[Data excerpts]
◇ ◇ ◇ ◇ ◇
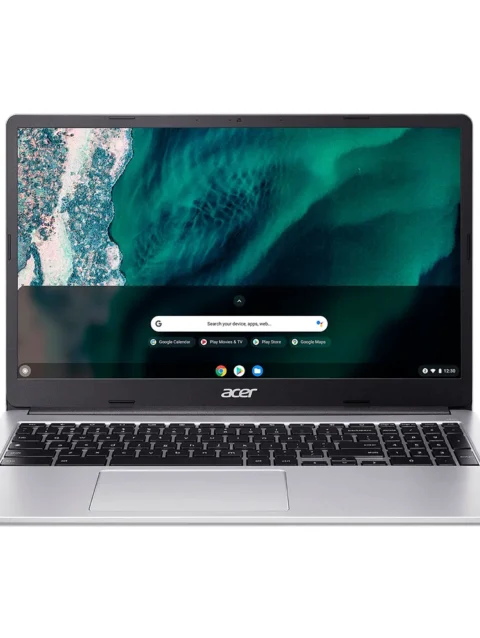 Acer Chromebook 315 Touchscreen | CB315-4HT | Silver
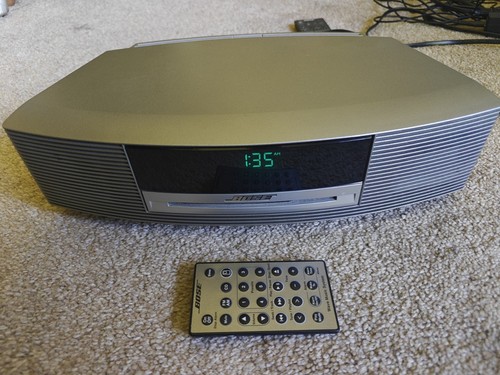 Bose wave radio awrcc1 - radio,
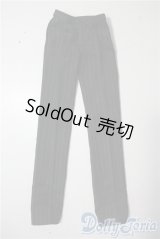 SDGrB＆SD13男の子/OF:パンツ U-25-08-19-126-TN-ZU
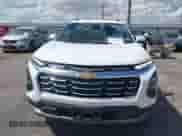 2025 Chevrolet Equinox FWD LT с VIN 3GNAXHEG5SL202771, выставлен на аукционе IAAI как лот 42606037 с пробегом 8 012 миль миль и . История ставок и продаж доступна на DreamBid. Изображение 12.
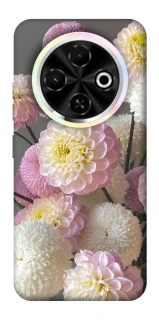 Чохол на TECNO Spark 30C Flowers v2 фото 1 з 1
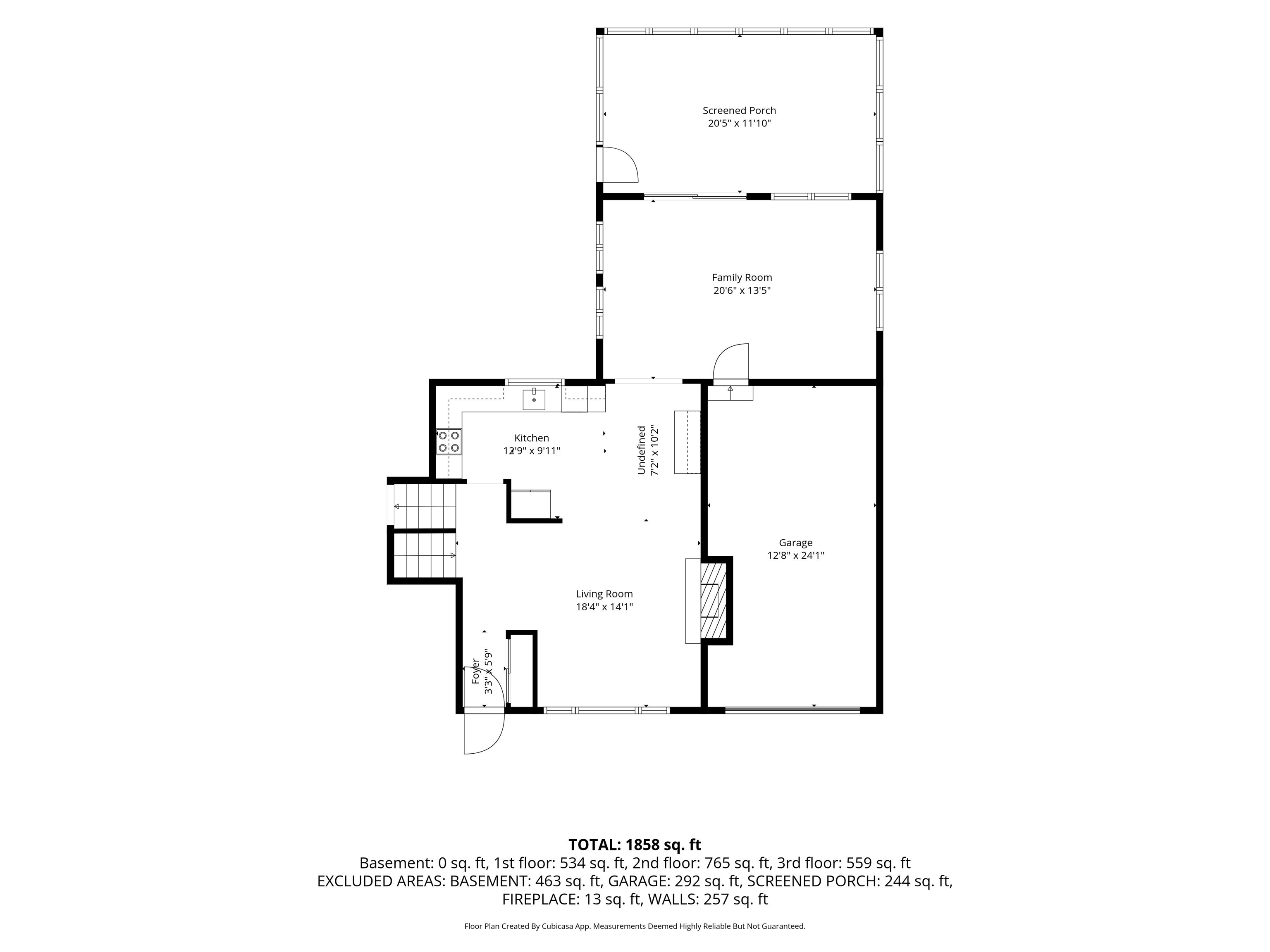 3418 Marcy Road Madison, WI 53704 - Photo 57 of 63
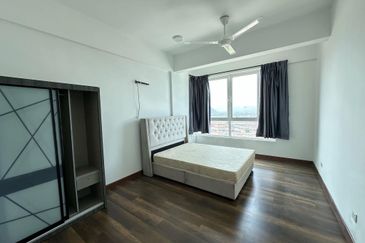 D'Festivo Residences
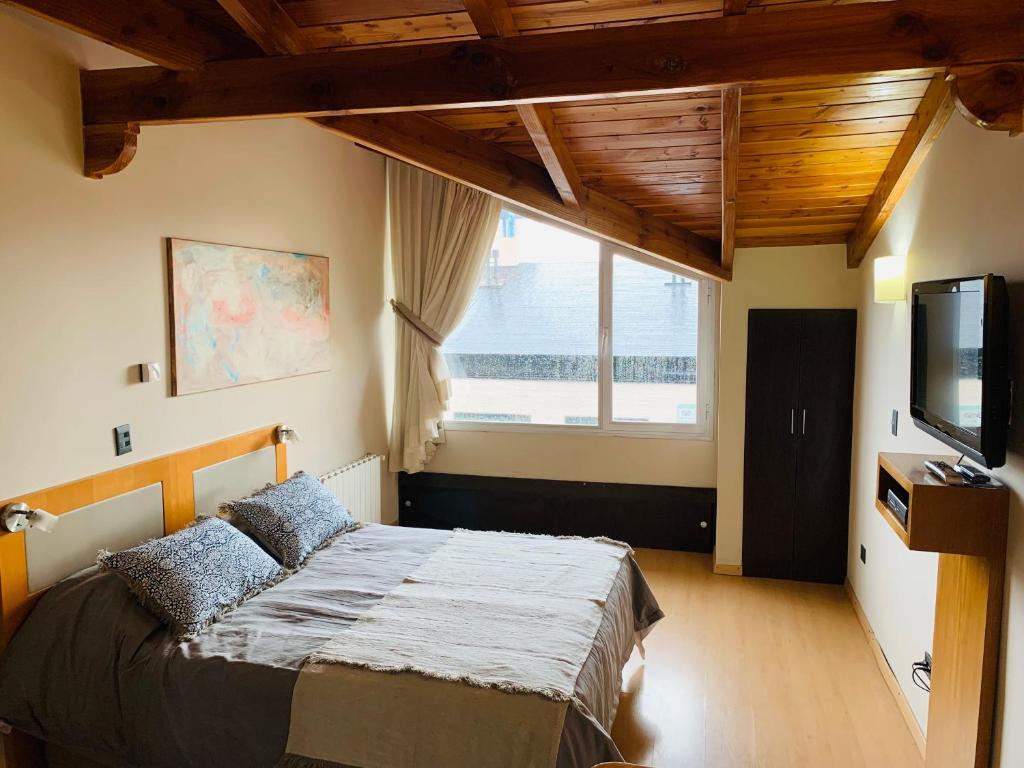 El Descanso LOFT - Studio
◇ ◇ ◇ ◇ ◇
Beginning with the line that contains "SDGrB＆SD13男の子/" and ending with the last line of the data, restate each line word for word. Exclude the pictures.

 SDGrB＆SD13男の子/OF:パンツ U-25-08-19-126-TN-ZU
 2025 Chevrolet Equinox FWD LT с VIN 3GNAXHEG5SL202771, выставлен на аукционе IAAI как лот 42606037 с пробегом 8 012 миль миль и . История ставок и продаж доступна на DreamBid. Изображение 12.
 Чохол на TECNO Spark 30C Flowers v2 фото 1 з 1
 3418 Marcy Road Madison, WI 53704 - Photo 57 of 63
 D'Festivo Residences
 El Descanso LOFT - Studio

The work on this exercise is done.